**Recorded information**

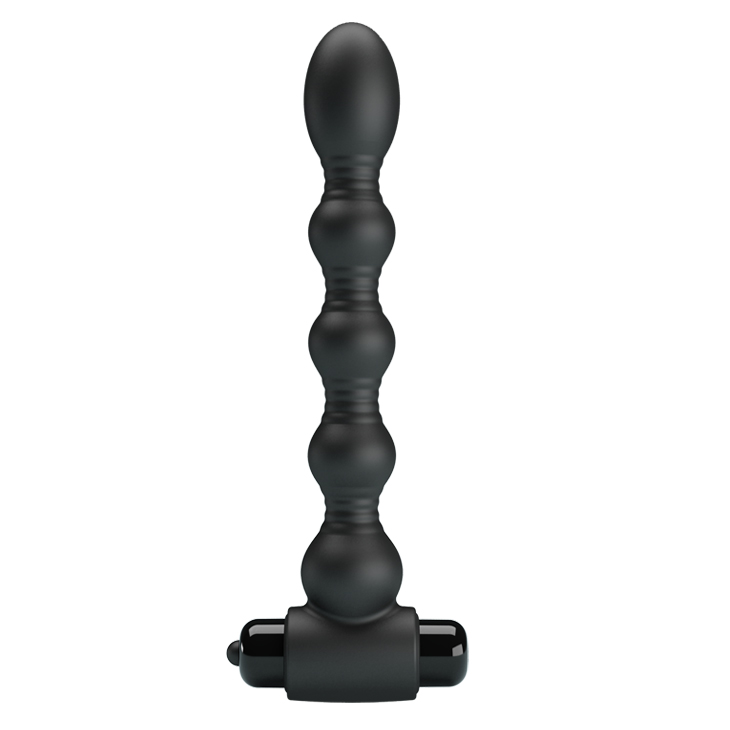 Stimulator Anal Bendable Lynn, 10 Functii Vibratii, Silicon, Negru, 18.2 cm, #2, Erotic24.ro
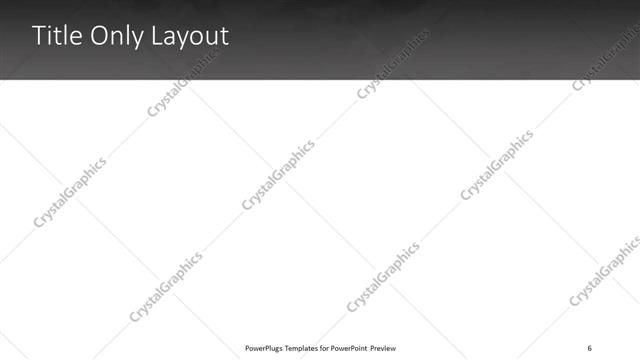 Title Only presentation slide layout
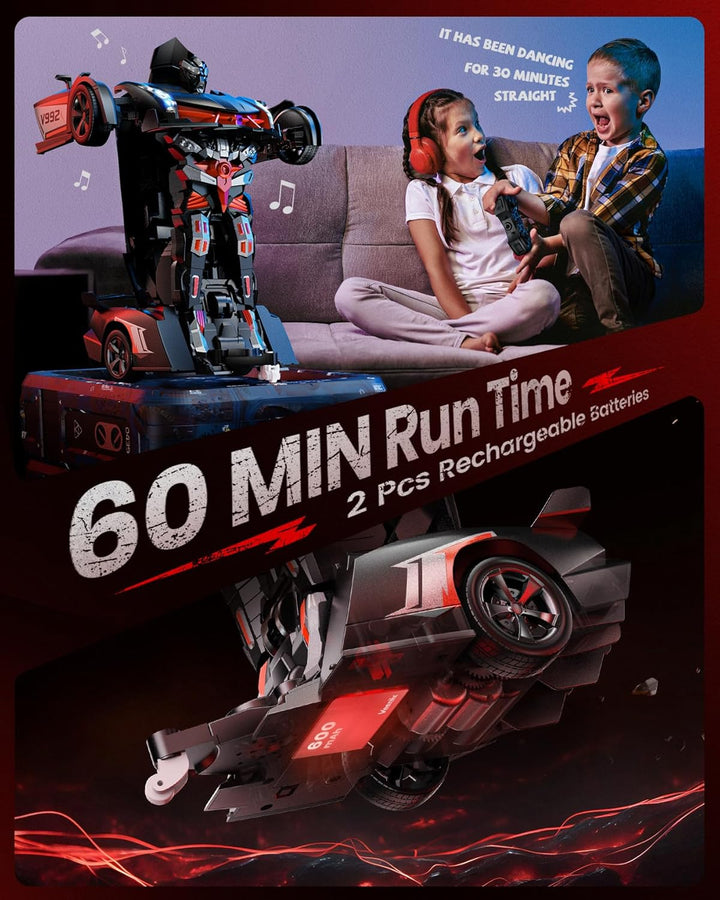 Veeniix V992 Auto Robot Transformable RC, Escala 1:14, Auto Juguete...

**What the task asks**
Please repeat everything in the data above except the pictures, exactly as it reads.

**Result of the exercise**
 Stimulator Anal Bendable Lynn, 10 Functii Vibratii, Silicon, Negru, 18.2 cm, #2, Erotic24.ro
 Title Only presentation slide layout
 Veeniix V992 Auto Robot Transformable RC, Escala 1:14, Auto Juguete...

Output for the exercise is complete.